Has anyone ridden the Void? I'm currently on a db air on my V-10. I'm curious if there is a performance difference with the void being a dedicated dh shock where the db air seems to cover more of a wider spectrum of disciplines. Thanks in advance


----------



## delirian (Jan 1, 2009)

the question you should be asking yourself, is. what kind of support is there for bos suspension products where you live, do you have a dealer/ importer ect, if somthing goes wrong with the shock could you get it fixed. bos arent the best of companies to deal with. do some research and you will find lots of threads of unhappy customers. 
now though i cant answer your question directly, as i personally have no experiance of that shock, i do have a ndee and deville fork, and have to say they are the best forks i have ever used. if the shocks are anything like their fork then it will be awesome. 
i did have a problem with my deville, when new, it was sent out from the factory with no oil in the airside leg. ( apparantly a common fault so i have been told, they say 1 in 10 come out the factory like this, im not sure how true this is, its just somthing i heard) at the time though we in the uk had a dealer, r53 so i was asked to send the fork back to them where it was repaired and sent back to me within 2 days. it has been fine since, no issues what so ever. unfortunatly at the mo we dont have a distributor/ dealer in the uk as r53 parted ways with bos, due to bos being hard to deal with. there are rumours of a new dealer surfsales but i havnt had anything confirmed yet as they never respond to emails. 
so if your from europe and are lucky enough to have a distributor/dealer then give it a try im sure you wont be dissapointed. if you have no distributor in your home country then i would stay well clear, as i believe that if you have to send your items back to bos in france their turnaround is very slow. i think this was one of the reasons why the morewood dh team stopped using bos and switched to fox.


----------



## Fix the Spade (Aug 4, 2008)

Buy the Cane Creek.

Bos are all sweetness and light until you've bought something, then they're of the attitude that you're an annoyance.

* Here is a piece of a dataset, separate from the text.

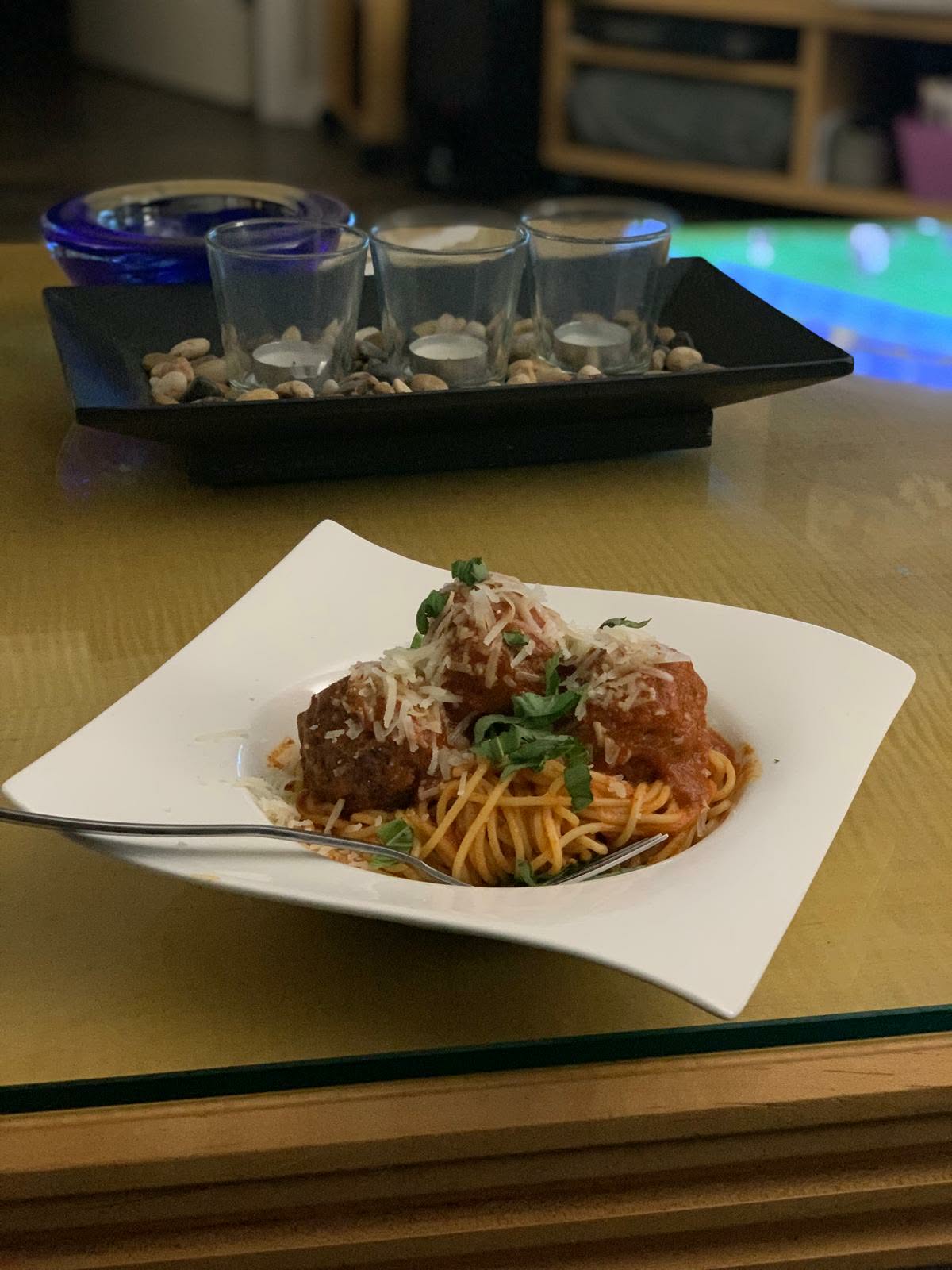 Spaghetti with meatballs, grated parmesan and torn basil in a white square bowl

I suffered that when they sent me a Stoy with the wrong spring and hardware fitted (I checked and double checked the order). Once I got a hold of Bos, which is a feat in itself as they seem to actively ignore phones and email, they were of the attitude that it was my problem and I'd be buying any new parts at full price, no returns on the incorrect parts. This was May-June last year so not exactly ancient history either.

Ended up selling that shock on ebay, Bos have made noises about 'improving services' for a few years now, don't believe a word of it.

On the other hand Cane Creek are pretty much excellent. Never had a problem with Extra (UK importer) or Cane Creek refusing to take stuff back or with getting servicing/repairs/spare parts from them. The CCDB is a great shock.


----------



## KillingtonVT (Apr 1, 2004)

We will agree that Cane Creek customer service is absolutely amazing. I can send an email and literally have a call from the VP of Sales within a half hour. They are on it!

That being said, to help with BOS's customer service, they now have 2 service centers in the US:

Commençal America
7141 Cypress Run DR
Las Vegas
NV 89131
702-677-0701

Prestige MTB
East Avenue
New Canaan
CT 06840
203-657-1401


----------



## n2fire (Feb 18, 2009)

*Thanks*



KillingtonVT said:


> We will agree that Cane Creek customer service is absolutely amazing. I can send an email and literally have a call from the VP of Sales within a half hour. They are on it!
> 
> That being said, to help with BOS'sr customer service, they now have 2 service centers in the US:
> 
> ...


 Thats awesome news!! I live in Vegas so that could work out well. Thanks again


----------